The streets of Chemainus were alive with music Friday, but the sidewalks were quiet.
The same day, Federal Public Safety Minister Bill Blair announced that the US Canadian border will remain closed until at least July 21.
Musician John Forrest said his tourism-reliant community is feeling it.
“Especially this town because tourism is its main industry. Gonna feel the impact yeah,” said musician and busker John Forrest.
Nuria Sanchez is the owner of Chemainus antique shop Vintiquity and said she had been hoping the border would be re-opened this month.
“It’s going to impact us a lot,” said Sanchez, referring to the latest extension.
“We get a lot of tourists from the United States and a lot of them actually come in their sailboats and then they stay here and they shop our shops,” she said.

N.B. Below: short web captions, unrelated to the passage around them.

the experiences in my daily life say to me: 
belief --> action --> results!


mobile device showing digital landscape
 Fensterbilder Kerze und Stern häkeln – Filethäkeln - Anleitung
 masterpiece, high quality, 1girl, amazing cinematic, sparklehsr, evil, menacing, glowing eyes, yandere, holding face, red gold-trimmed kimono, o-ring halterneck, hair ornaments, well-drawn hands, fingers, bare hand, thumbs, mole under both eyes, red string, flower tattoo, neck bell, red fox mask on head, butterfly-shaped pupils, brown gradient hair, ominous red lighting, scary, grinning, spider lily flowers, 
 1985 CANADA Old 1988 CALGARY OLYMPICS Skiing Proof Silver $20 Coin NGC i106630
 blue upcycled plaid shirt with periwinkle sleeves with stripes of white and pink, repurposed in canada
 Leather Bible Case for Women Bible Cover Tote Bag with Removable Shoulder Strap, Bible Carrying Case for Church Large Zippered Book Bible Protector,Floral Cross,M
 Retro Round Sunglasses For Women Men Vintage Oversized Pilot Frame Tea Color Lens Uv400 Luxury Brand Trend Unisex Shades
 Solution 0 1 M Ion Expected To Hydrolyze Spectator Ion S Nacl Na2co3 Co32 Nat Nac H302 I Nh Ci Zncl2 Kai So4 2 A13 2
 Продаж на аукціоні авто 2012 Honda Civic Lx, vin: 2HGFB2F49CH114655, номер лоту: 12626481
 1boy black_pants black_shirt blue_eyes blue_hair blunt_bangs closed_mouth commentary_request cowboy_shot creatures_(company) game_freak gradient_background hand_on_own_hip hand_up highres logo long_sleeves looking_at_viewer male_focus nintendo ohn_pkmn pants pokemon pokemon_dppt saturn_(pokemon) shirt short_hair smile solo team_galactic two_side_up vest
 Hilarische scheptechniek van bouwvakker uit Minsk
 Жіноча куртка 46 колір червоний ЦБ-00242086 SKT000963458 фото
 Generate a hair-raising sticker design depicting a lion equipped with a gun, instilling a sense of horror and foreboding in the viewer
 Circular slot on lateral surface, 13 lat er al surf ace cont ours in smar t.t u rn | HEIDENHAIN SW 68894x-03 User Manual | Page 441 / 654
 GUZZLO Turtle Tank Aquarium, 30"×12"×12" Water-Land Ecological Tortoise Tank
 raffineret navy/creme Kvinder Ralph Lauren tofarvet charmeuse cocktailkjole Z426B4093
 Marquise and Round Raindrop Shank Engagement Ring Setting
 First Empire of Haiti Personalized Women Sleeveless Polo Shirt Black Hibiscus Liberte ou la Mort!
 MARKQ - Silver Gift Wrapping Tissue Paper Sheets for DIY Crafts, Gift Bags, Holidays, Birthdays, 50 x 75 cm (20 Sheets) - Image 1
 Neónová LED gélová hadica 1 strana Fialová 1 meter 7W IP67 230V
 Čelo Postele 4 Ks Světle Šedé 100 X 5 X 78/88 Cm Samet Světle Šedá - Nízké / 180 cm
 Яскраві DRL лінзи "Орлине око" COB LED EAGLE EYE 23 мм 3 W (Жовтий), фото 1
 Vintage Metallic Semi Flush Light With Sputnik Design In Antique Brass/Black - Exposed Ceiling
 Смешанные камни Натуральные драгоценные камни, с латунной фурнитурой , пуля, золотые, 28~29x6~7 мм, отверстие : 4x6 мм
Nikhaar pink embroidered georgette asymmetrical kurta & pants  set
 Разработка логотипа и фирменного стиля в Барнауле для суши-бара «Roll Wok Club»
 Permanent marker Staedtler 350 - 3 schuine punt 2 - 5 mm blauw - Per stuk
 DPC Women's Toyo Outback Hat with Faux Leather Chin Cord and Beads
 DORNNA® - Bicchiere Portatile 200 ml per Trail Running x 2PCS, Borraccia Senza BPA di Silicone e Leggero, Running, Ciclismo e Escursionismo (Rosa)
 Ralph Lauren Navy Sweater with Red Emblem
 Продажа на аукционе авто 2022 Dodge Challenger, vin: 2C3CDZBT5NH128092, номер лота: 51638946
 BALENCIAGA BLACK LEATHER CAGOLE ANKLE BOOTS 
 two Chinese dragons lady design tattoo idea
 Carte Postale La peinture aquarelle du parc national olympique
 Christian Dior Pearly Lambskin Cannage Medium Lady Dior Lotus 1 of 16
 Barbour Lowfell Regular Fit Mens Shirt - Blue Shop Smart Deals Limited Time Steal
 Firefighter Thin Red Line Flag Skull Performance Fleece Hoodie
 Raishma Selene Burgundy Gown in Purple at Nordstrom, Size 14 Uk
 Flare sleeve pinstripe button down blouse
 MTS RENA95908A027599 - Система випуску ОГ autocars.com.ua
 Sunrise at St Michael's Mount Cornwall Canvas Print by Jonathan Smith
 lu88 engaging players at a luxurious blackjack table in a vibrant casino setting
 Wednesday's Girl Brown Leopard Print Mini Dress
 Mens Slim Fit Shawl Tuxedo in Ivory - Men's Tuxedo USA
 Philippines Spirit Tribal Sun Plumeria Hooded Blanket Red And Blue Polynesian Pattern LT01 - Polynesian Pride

Mark Wimmer travelled over from Vancouver to Chemainus after BC entered Step 2 of re-opening this week and although travel within the province has returned, he is really looking forward to the international border reopening so he can finally visit his second home in California.
“You’re looking at somebody who has a home in the United States and I haven’t been there in 16 months. Would I like to go? Yes. But it is what it is. At least I get to come and visit places like this,” said Vancouver resident Mark Wimmer.
“It’ll be a good thing to have it back open for sure,” said Forrest.
The Prime Minister has previously said that it would take 75 per cent of Canadians being vaccinated before restrictions would be lifted.
Some hope is on the horizon, however, as vaccinations ramp up, and coming up on Monday, the Canadian Government is expected to make an announcement about plans to let fully vaccinated Canadians and permanent residents enter the U.S. — offering some optimism that there may still be a summer tourism season here.